- _EXERCISE DIRECTIONS_
What you return should be only the lines in the entries below between the one holding "Anbernic Win600-Dead Island: Riptide" and the one holding "Apartments 1234", ends included, with every picture left out.

- _INPUT FOR THIS TASK_

◇ ◇ ◇ ◇

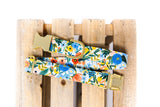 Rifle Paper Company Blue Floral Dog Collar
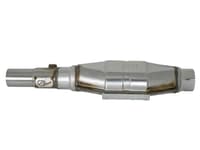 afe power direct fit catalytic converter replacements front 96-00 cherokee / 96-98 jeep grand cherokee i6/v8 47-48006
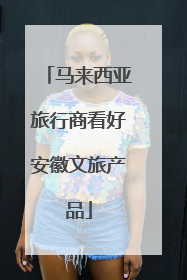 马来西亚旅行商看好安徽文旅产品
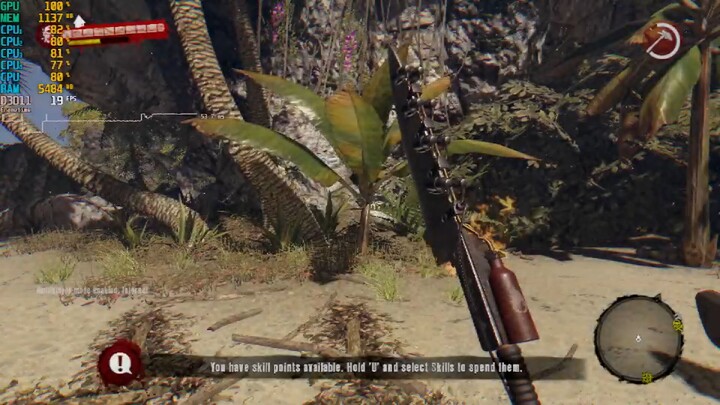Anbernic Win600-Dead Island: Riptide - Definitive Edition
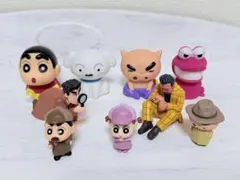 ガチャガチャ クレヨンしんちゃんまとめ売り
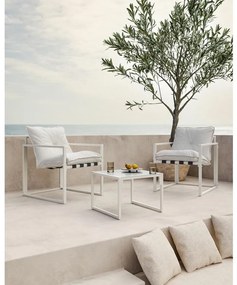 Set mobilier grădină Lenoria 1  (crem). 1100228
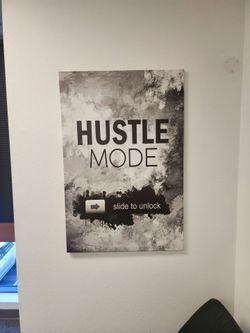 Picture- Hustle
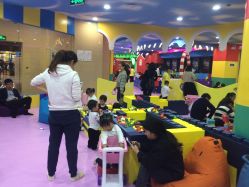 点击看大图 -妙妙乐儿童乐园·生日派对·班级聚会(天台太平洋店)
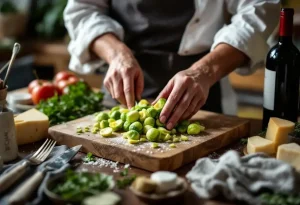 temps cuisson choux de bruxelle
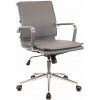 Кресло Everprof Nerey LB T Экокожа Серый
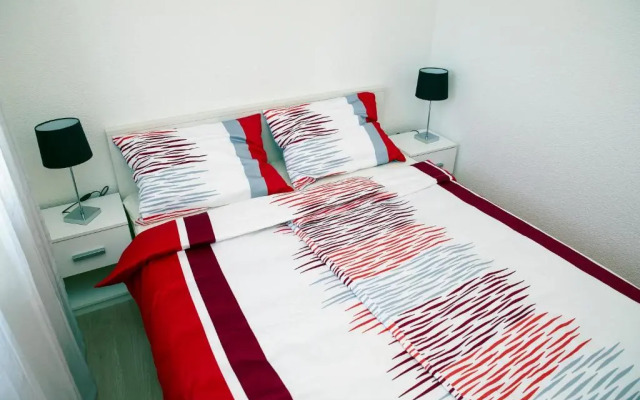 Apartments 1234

◇ ◇ ◇ ◇

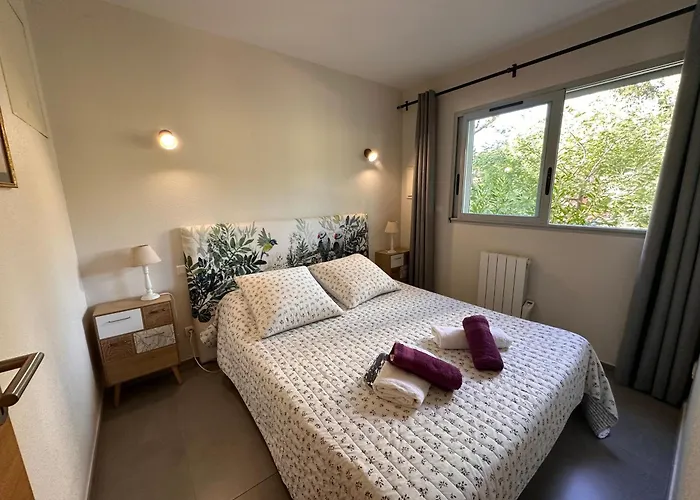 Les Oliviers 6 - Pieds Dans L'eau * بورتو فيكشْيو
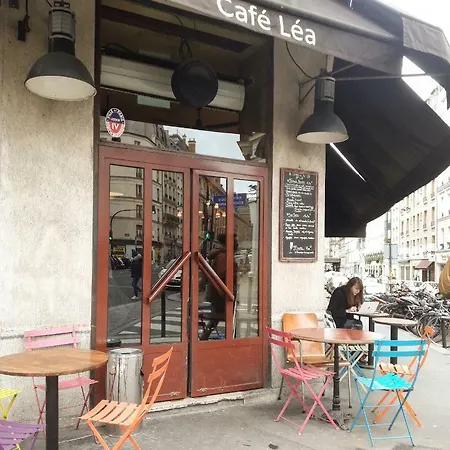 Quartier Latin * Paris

◇ ◇ ◇ ◇

- _EXPECTED OUTPUT_
Anbernic Win600-Dead Island: Riptide - Definitive Edition
 ガチャガチャ クレヨンしんちゃんまとめ売り
 Set mobilier grădină Lenoria 1  (crem). 1100228
 Picture- Hustle
 点击看大图 -妙妙乐儿童乐园·生日派对·班级聚会(天台太平洋店)
 temps cuisson choux de bruxelle
 Кресло Everprof Nerey LB T Экокожа Серый
 Apartments 1234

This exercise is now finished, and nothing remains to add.